Kevin Meatyard no se encontraba en óptimas condiciones. Tenía un terrible esguince en el tobillo, un hombro dislocado, un corte grande en el lado izquierdo de la cabeza y un amplio surtido de dolores, verdugones y rasponazos. Pero no se moriría de nada de eso: se moriría del cuchillo que llevaba clavado en el pecho.
La isla de Chipre no era una isla en absoluto, sino un gran istmo que se inflaba como un balón penetrando en el Mar de Madera. Su sistema de justicia parroquial se extendía ochenta kilómetros tierra adentro, así que hasta las aldeas tenían un policía especial, aunque no fuera más que el herrero. Meatyard tenía todos los motivos del mundo para creer que lo perseguirían, aunque también comprendía que sería demasiado caro y difícil mantener a media docena de hombres en la empresa durante mucho tiempo. El problema para él era que sabía que debía mantenerse apartado de cualquier lugar donde pudieran arrancarle el cuchillo y limpiarle la herida. Al final, confió en que su constitución lo mantuviera vivo el tiempo suficiente para llegar tan lejos que nadie hubiera oído hablar de él. De ese modo, mientras Kevin Meatyard intentaba dejar Chipre por un camino por el que no solieran ir extraños metomentodo, los dos Trevor intentaban entrar en Chipre buscando algún camino por el que tampoco solieran ir los extraños metomentodo. Así que tuvo menos de coincidencia de lo que pudiera parecer el hecho de que los dos asesinos encontraran a Kevin Meatyard hecho un ovillo junto a un pequeño estanque. Por motivos obvios, hallándose en tierra de nadie, hasta la gente mucho menos experimentada en maldades que los dos Trevor observarían un cuerpo tendido en la carretera como algo a lo que sería prudente no acercarse. Pero, por otro lado, tanto ellos como los animales estaban muertos de sed. Así que, tras asegurarse de que no era una trampa para una emboscada (¿quién iba a saber más de emboscadas que ellos?), Trevor Lugavoy arrojó una piedra grande a aquel cuerpo irregular y lleno de bultos y, sacando de él solo un débil gemido como respuesta, pensó que cualquier peligro que pudiera haber podría evitarse si mantenían un ojo cerrado y no se acercaban a tocarlo.
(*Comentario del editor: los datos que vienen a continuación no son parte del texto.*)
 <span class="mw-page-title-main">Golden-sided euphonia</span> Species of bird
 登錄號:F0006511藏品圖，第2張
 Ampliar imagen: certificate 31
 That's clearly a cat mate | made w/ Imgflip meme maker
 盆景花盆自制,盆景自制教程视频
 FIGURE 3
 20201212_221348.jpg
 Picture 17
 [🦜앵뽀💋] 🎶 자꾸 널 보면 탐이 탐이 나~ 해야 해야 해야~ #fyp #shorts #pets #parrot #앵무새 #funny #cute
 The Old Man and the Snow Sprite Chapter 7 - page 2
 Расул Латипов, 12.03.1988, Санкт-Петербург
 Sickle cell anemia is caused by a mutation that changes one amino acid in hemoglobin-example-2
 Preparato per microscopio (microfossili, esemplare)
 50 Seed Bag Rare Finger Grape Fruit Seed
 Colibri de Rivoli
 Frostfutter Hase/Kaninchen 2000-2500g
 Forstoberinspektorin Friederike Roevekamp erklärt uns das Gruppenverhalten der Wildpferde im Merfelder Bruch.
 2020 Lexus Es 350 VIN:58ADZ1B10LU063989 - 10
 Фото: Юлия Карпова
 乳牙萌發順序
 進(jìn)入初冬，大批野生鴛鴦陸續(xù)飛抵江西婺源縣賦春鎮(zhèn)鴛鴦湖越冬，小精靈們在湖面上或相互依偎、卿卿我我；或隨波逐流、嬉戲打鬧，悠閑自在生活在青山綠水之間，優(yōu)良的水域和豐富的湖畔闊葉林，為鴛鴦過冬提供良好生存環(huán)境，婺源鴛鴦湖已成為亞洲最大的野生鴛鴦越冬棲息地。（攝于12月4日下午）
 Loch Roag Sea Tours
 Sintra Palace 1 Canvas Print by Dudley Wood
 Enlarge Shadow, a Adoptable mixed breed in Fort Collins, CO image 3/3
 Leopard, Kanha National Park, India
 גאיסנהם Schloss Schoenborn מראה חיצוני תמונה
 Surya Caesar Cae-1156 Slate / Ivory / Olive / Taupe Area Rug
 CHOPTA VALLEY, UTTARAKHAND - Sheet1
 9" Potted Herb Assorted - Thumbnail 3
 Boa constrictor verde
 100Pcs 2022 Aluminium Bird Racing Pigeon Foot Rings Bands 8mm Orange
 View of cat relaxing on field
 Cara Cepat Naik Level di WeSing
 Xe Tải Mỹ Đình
Unos minutos después, mientras los caballos seguían sorbiendo la deliciosa y fresca agua, bajo el atento escrutinio de los dos hombres, Kevin rebulló, y con mucha dificultad se puso en pie. Empezó a acercarse al estanque para beber un poco pero, débil y vacilante, cayó al suelo con tal golpe que ambos Trevor hicieron un gesto de dolor.
Podría pensarse que, dado lo sanguinario de su profesión, los dos Trevor eran hombres sin compasión. Pero, si bien era cierto que no eran mejor gente que otras personas, tampoco eran mucho peores, salvo cuando se les pagaba por matar a alguien. Y eso iba siendo más cierto aún cuanto más mayores y más supersticiosos se hacían. Estaban empezando a preguntarse si algunos actos de generosidad podrían ser de cierta ayuda en caso de que un día hubiera un juicio final con eternidad de por medio, aunque en el fondo del corazón los dos sabían que tendrían que rescatar a un número astronómico de bebés de un astronómico número de edificios en llamas para equilibrar la balanza frente a todas las malas acciones de las que eran responsables. Aun así, hubiera sido algo muy mezquino dejar a un hombre evidentemente herido tendido a solo un metro del agua que tan desesperadamente necesitaba. Así que lo registraron, y a continuación lo levantaron para ofrecerle agua de una de sus propias tazas.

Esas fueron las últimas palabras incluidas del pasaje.